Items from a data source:
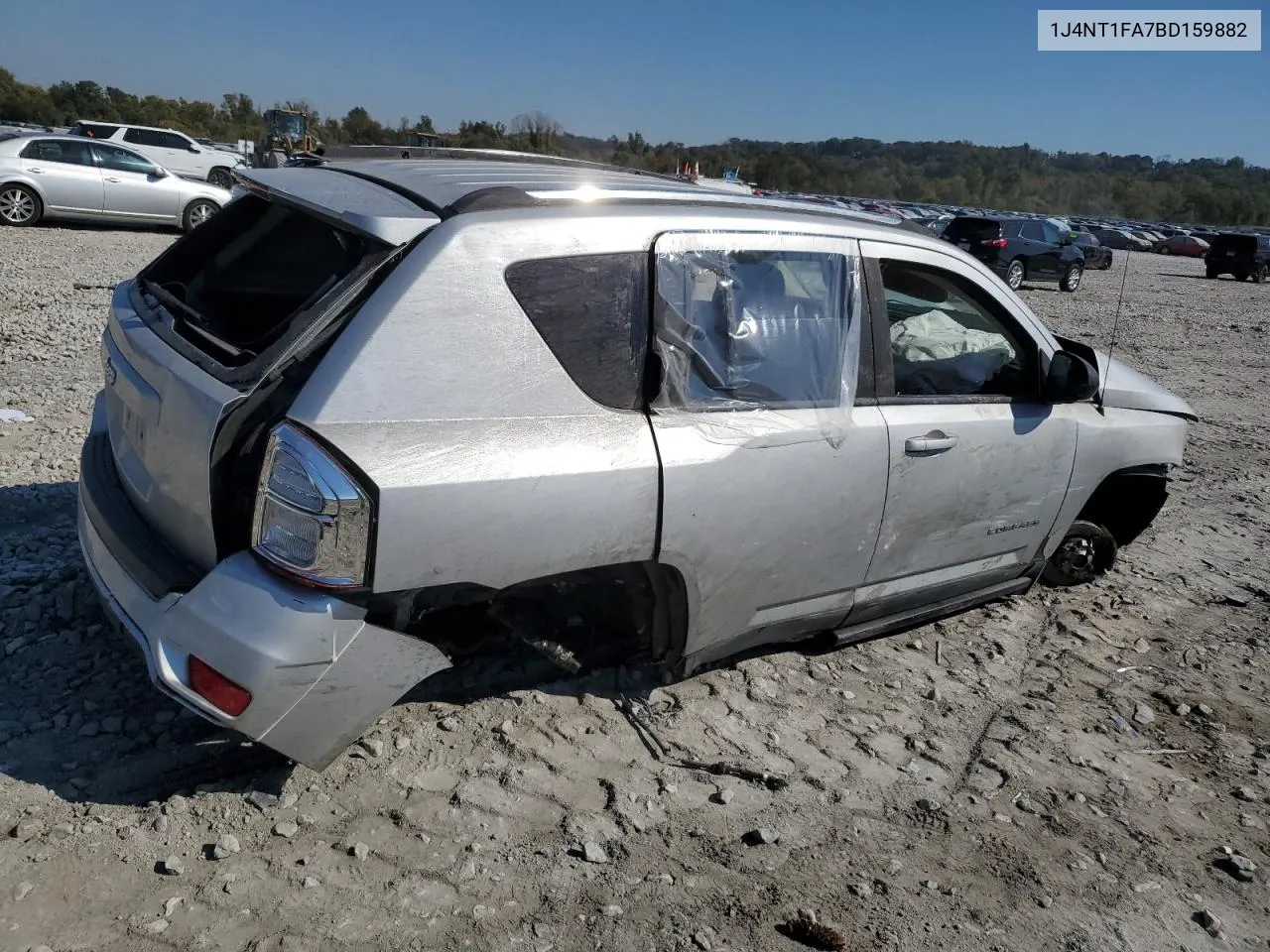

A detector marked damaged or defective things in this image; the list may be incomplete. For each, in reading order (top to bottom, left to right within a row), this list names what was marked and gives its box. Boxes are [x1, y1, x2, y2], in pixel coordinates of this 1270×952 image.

silver damaged suv [81, 153, 1199, 770]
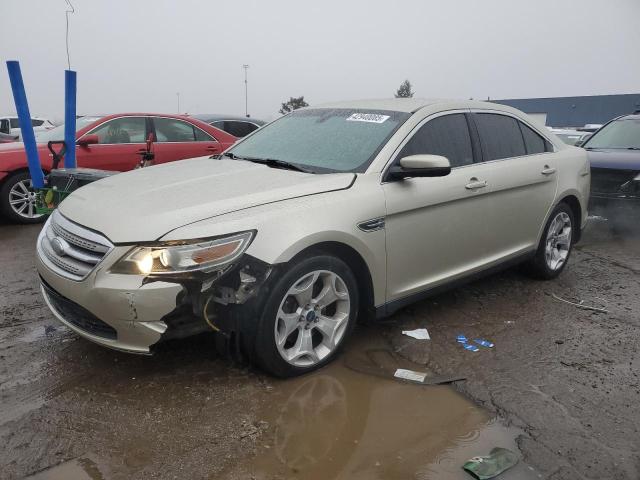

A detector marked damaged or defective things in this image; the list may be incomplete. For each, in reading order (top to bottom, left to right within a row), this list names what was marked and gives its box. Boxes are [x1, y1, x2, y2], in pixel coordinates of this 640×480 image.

damaged ford taurus [35, 99, 592, 376]
broken plastic piece [462, 446, 516, 480]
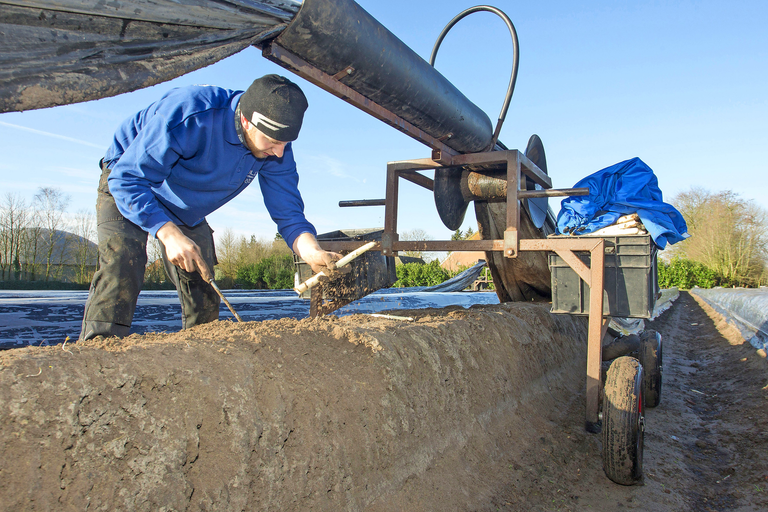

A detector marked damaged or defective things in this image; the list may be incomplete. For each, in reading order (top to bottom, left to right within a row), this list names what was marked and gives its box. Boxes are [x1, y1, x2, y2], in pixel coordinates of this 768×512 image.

rusty metal bar [264, 43, 460, 157]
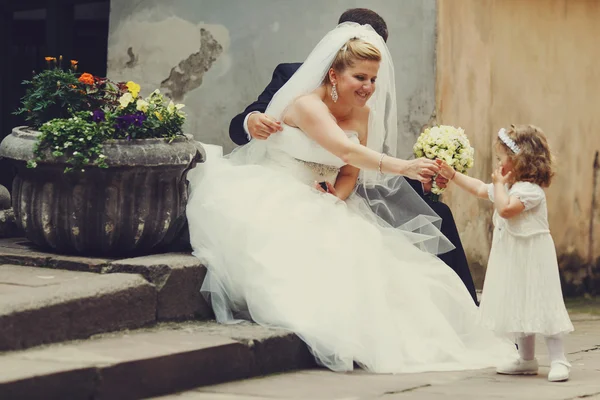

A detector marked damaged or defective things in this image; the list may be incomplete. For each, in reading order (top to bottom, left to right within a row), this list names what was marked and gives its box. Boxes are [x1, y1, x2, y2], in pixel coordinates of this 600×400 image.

cracked wall surface [106, 0, 436, 154]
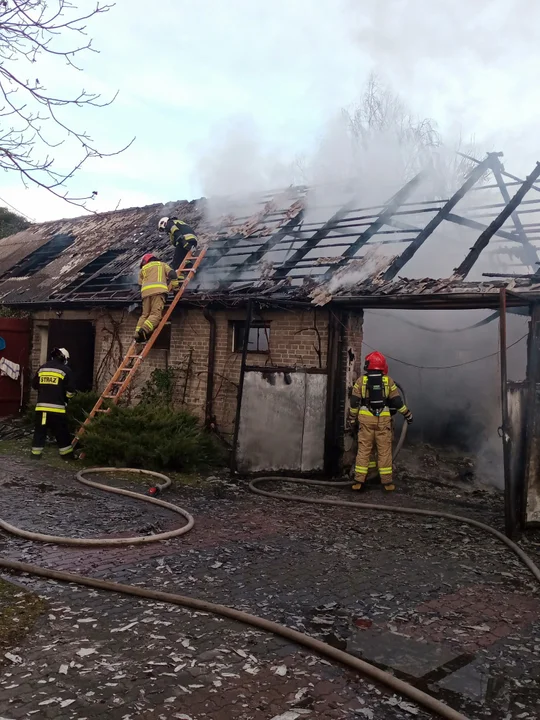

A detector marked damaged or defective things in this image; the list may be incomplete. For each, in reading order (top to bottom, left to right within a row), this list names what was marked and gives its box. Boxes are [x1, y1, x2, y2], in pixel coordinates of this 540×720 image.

burned roof [3, 152, 540, 310]
charred roof beam [382, 156, 492, 282]
charred roof beam [454, 162, 540, 280]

• _Exercise brief_
From the line containing "this 540×720 image." to the final line of the data above, transcribe every line exactly and nothing more.

• _Answer to this task_
A detector marked damaged or defective things in this image; the list may be incomplete. For each, in reading order (top to bottom, left to right within a row), this list names what was marked and gives its box. Boxes are [x1, y1, x2, y2], in pixel coordinates of this 540×720 image.

burned roof [3, 152, 540, 310]
charred roof beam [382, 156, 492, 282]
charred roof beam [454, 162, 540, 280]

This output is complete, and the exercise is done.